*Exercise brief*
Once the line containing "Classic Men's Duffel" has been printed, stop; print every line before it exactly, starting at the top of the material below.

*Source material*
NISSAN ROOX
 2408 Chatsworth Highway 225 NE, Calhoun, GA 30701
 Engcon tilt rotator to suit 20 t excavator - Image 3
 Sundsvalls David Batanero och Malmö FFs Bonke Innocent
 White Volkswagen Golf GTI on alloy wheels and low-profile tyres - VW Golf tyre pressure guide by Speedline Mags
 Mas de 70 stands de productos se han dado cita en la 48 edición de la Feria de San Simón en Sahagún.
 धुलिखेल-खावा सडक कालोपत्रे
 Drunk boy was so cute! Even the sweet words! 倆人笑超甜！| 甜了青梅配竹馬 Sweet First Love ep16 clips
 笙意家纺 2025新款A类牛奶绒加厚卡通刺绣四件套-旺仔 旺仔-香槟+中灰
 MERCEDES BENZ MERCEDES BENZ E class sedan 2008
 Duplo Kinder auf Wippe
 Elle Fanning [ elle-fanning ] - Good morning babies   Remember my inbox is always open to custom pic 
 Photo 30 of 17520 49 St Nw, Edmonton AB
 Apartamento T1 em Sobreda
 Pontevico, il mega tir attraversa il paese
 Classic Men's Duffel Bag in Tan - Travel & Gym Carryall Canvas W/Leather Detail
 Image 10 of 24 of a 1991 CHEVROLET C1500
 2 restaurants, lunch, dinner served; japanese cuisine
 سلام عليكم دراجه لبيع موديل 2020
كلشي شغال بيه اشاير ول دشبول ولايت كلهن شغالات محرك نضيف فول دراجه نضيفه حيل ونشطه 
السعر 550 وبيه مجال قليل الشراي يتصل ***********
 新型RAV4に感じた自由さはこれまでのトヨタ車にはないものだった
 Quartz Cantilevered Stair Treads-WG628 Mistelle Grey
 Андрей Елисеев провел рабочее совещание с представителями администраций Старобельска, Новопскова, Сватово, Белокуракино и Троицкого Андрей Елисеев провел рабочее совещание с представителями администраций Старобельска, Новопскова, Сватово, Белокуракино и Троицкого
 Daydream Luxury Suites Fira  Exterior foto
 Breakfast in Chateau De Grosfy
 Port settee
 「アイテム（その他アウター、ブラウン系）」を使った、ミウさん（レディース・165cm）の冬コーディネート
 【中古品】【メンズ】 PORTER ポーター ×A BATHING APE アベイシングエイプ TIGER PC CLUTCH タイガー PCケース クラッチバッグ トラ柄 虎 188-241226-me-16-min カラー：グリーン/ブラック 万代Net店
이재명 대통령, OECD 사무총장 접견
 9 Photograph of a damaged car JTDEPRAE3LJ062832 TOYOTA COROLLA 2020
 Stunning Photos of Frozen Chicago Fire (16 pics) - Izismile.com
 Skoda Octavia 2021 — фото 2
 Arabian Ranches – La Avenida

*Response to the exercise*
NISSAN ROOX
 2408 Chatsworth Highway 225 NE, Calhoun, GA 30701
 Engcon tilt rotator to suit 20 t excavator - Image 3
 Sundsvalls David Batanero och Malmö FFs Bonke Innocent
 White Volkswagen Golf GTI on alloy wheels and low-profile tyres - VW Golf tyre pressure guide by Speedline Mags
 Mas de 70 stands de productos se han dado cita en la 48 edición de la Feria de San Simón en Sahagún.
 धुलिखेल-खावा सडक कालोपत्रे
 Drunk boy was so cute! Even the sweet words! 倆人笑超甜！| 甜了青梅配竹馬 Sweet First Love ep16 clips
 笙意家纺 2025新款A类牛奶绒加厚卡通刺绣四件套-旺仔 旺仔-香槟+中灰
 MERCEDES BENZ MERCEDES BENZ E class sedan 2008
 Duplo Kinder auf Wippe
 Elle Fanning [ elle-fanning ] - Good morning babies   Remember my inbox is always open to custom pic 
 Photo 30 of 17520 49 St Nw, Edmonton AB
 Apartamento T1 em Sobreda
 Pontevico, il mega tir attraversa il paese
 Classic Men's Duffel Bag in Tan - Travel & Gym Carryall Canvas W/Leather Detail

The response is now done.